Gosto de falar com gente, mas também prezo muito estar sozinho. Gosto de andar pelos Alpes e de velejar. Toda a sua vida você trabalha com gente. Tudo o que eu consigo, consigo por intermédio das pessoas. Você precisa acendê-las, motivá-las, convencê-las. Se você não gosta de trabalhar com gente, não deveria ser um líder. Mas é maravilhoso quando posso fazer alguma coisa sozinho.

O que o senhor faz para ter certeza de que está analisando as coisas como elas são, não como gostaria que elas fossem ou como elas eram no passado?
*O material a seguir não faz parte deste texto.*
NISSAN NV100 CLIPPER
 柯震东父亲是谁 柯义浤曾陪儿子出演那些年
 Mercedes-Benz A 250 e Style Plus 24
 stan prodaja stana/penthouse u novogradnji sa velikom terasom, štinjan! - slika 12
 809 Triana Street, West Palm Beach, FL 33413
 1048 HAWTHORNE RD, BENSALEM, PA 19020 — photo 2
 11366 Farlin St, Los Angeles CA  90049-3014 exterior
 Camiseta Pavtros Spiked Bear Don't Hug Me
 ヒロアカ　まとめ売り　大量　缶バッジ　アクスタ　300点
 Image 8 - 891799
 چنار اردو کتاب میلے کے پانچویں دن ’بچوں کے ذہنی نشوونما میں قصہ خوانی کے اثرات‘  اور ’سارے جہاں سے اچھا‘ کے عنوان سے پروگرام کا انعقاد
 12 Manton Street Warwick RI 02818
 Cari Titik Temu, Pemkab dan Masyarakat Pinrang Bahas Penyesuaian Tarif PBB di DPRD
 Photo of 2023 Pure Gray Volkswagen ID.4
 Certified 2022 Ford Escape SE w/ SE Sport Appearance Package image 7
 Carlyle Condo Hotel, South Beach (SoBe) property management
É importante não permanecer preso às idéias preconcebidas. É importante ajustar sua visão da realidade. Para isso, é necessário compreender que é permitido cometer erros. Mas, se você errar e não corrigir o erro, então eu não o perdôo. Se você simplesmente se apegar ao seu ponto de vista, tudo está perdido. Eu errei quando previ a profundidade da crise russa. Isso não significa que você tenha de abandonar a Rússia. Significa que tem de se adaptar à nova situação. Tem de ser aberto e falar sobre isso. Aqui no Brasil, encontrei-me com 60 pessoas-chave para o país. Militares, políticos, empresários, estrategistas e pessoas comuns, como aqueles jovens da ABB. Fiz uma sessão de perguntas e respostas de meia hora. Durante esse tempo fui interiorizando minhas impressões, e comecei a formar uma opinião sobre onde está o Brasil atualmente. Devemos mandar investimentos de 100 milhões de dólares agora? Devemos esperar? Depois vou para outros países e digo aos presidentes locais: "É melhor vocês correrem, ajam rápido, porque o Brasil agora pode produzir 5% mais barato que suas empresas". Você tem de ser um catalisador, algumas vezes me sinto como um receptáculo de informações, para dentro e para fora. Para isso você tem de se mover, não pode se contentar com sentar e ler a The Economist e o Wall Street Journal.

Não é cansativo?

Muito. Estou com quase 60 anos e não posso continuar para sempre. Deixei de ser presidente executivo para ter menos trabalho. Se você é presidente executivo, está nas barricadas todo o tempo. As pessoas lhe buscam, ligam no meio da noite, você tem de estar sempre disponível. Agora eu dei um passo atrás. Sou presidente do conselho de três empresas e aconselho muitas outras com as quais nem sequer tenho uma ligação formal. Assim disponho de mais tempo para pensar em estratégias, uma rotina menos caótica. Tenho alguns netos agora, e espero poder gastar um pouco mais de tempo com eles do que gastei com meus próprios filhos. É uma espécie de segunda chance que se tem na vida.